Fino a ora è stato riallagato quasi il 45% dell’area e sono tornati circa trentamila Madan: alcune immagini satellitari spingono all’ottimismo, l’acqua è visibilmente aumentata rispetto al 2003. Il punto della situazione tra i paesi donatori risale a pochi giorni fa, il 24 agosto, a Tokio: «Ci siamo dati appuntamento al 21 novembre in Iraq per un accordo-quadro con la Banca Mondiale, tenendo conto che la riqualificazione delle paludi Madan ha un inevitabile collegamento con l’intera area del Golfo Persico. Quindi speriamo di coinvolgere anche l’Iran e il Kuwait. Ma un altro nostro obiettivo è coinvolgere la Turchia».

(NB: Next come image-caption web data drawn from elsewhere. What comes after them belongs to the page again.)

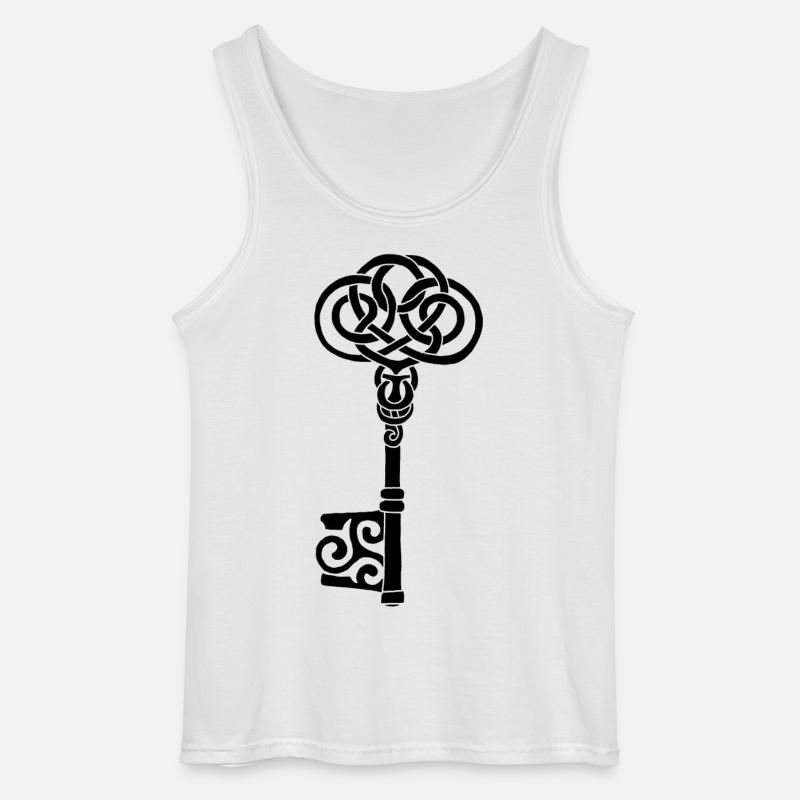 Schwarzer keltischer Schlüssel - Gildan Männer Tank Top - Weiß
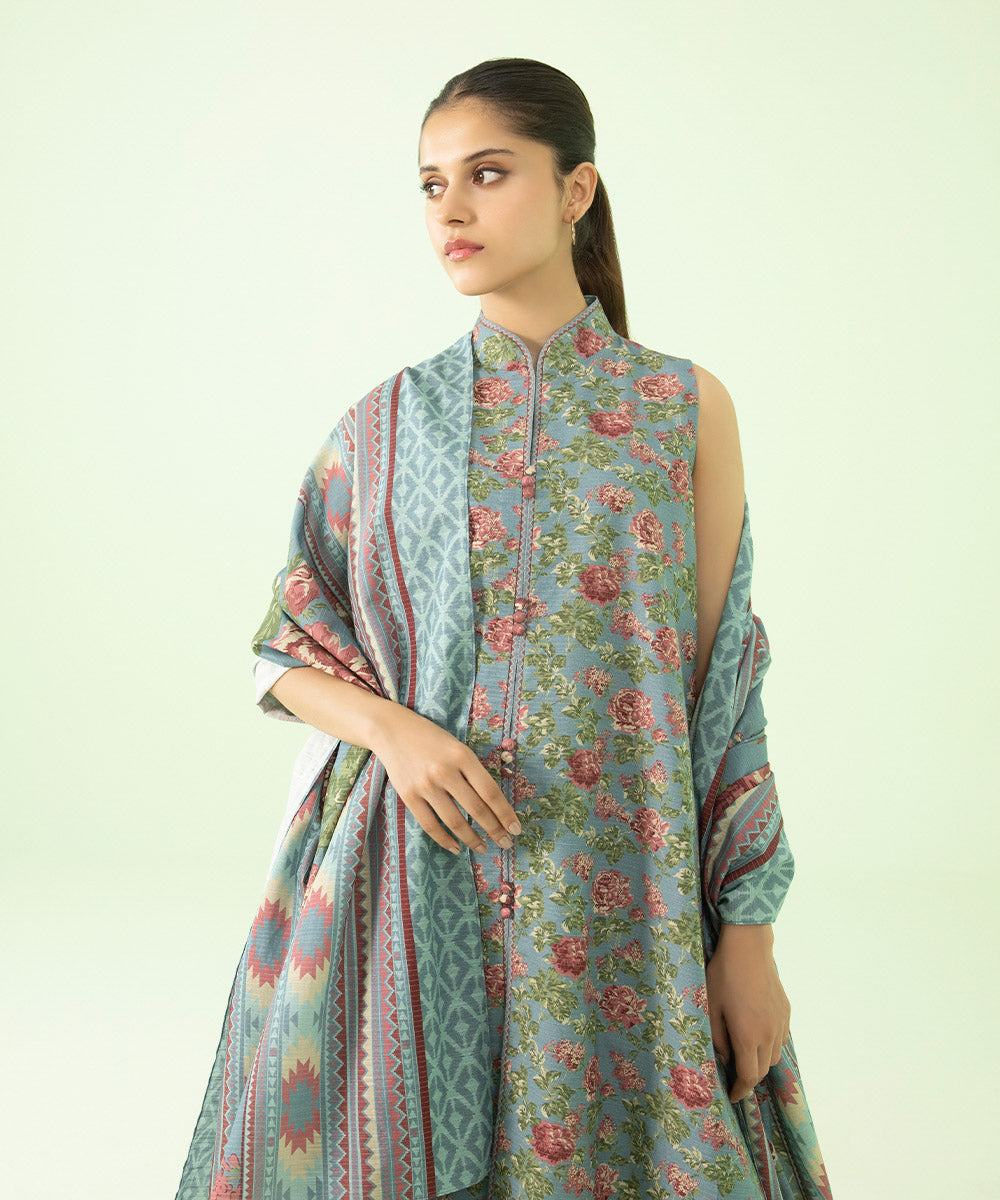 3 Piece - Printed Zari Khaddar Suit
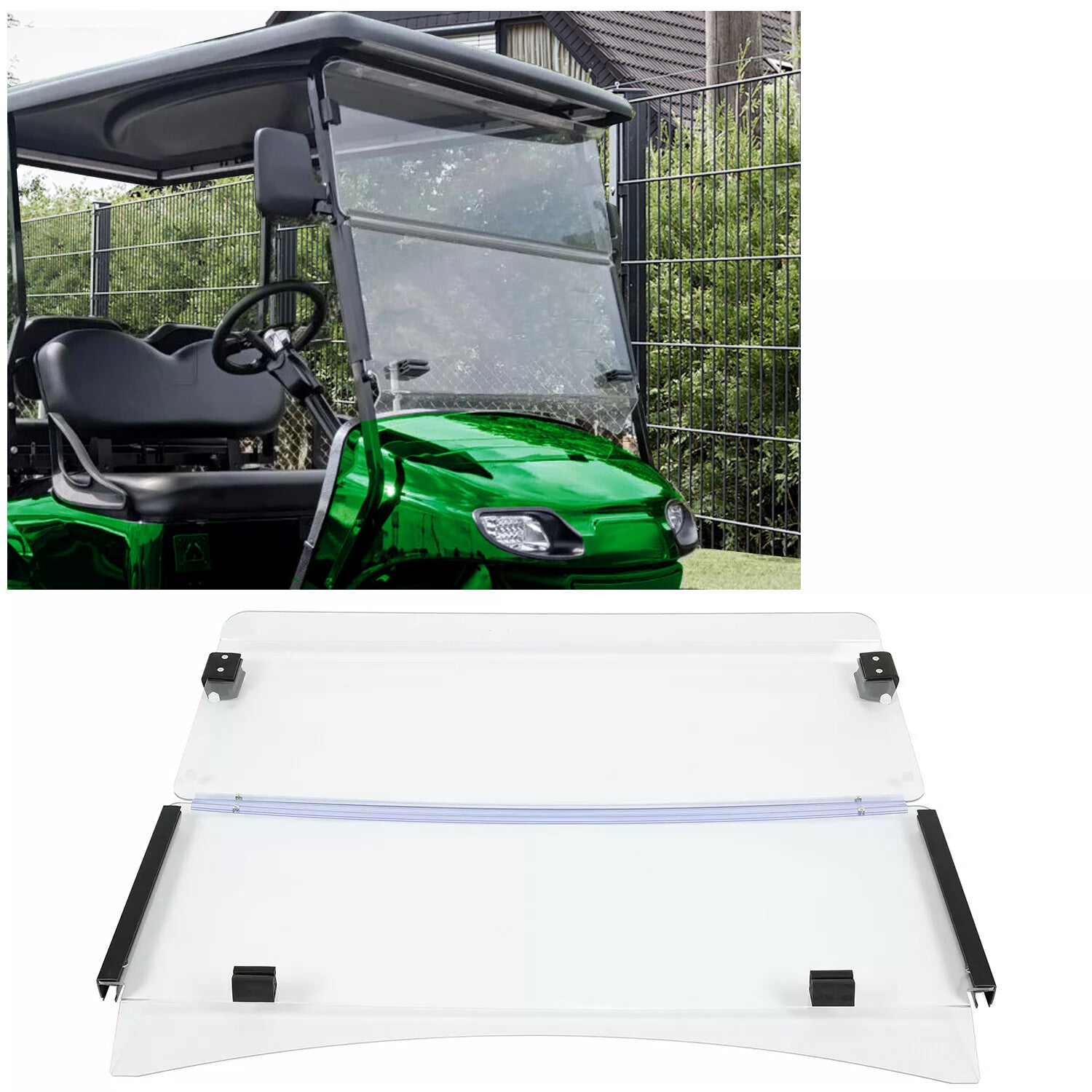 Solid Spare For EZGO TXT 2014+ Clear Fold Down Golf Cart Windshield Windscreen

Proprio la Turchia è il Paese dove nasce l’Eufrate e che ne ospita il 28% del corso: nella prospettiva di un Pianeta sempre più assetato, avrà forse la massima responsabilità nel futuro idrico della Mesopotamia.

Realisticamente, stando ai documenti dell’Unep, si può immaginare di far ristabilire in tempi ragionevoli circa 85 mila persone, in gran parte rientrate dall’Iran del Sud. Ma c’è ancora moltissimo da fare: garantire il ripopolamento dei pesci e degli uccelli, visto che un tempo le paludi erano la tappa obbligata di molte specie migratorie, e dar vita a nuovi allevamenti di bisonti. Non dovranno mancare scuole e strutture pubbliche.

E poi occorrerà ricostruire case, in tutto simili a quelle che per millenni ospitarono i Madan e li protessero dalla pioggia grazie alla collaudata struttura: quattro o cinque «travi» di canne e paglia saldate sul terreno ai due lati, pareti rinforzate dai rami di palme. Con una novità, annuncia Clini: «Manterranno la struttura tradizionale. Ma inseriremo gli standard igienici del mondo contemporaneo. Abbiamo consultato i capi tribù dei Madan e sono d’accordo». Insomma: un bagno moderno non stona, nel Nuovo Eden del dopo-Saddam.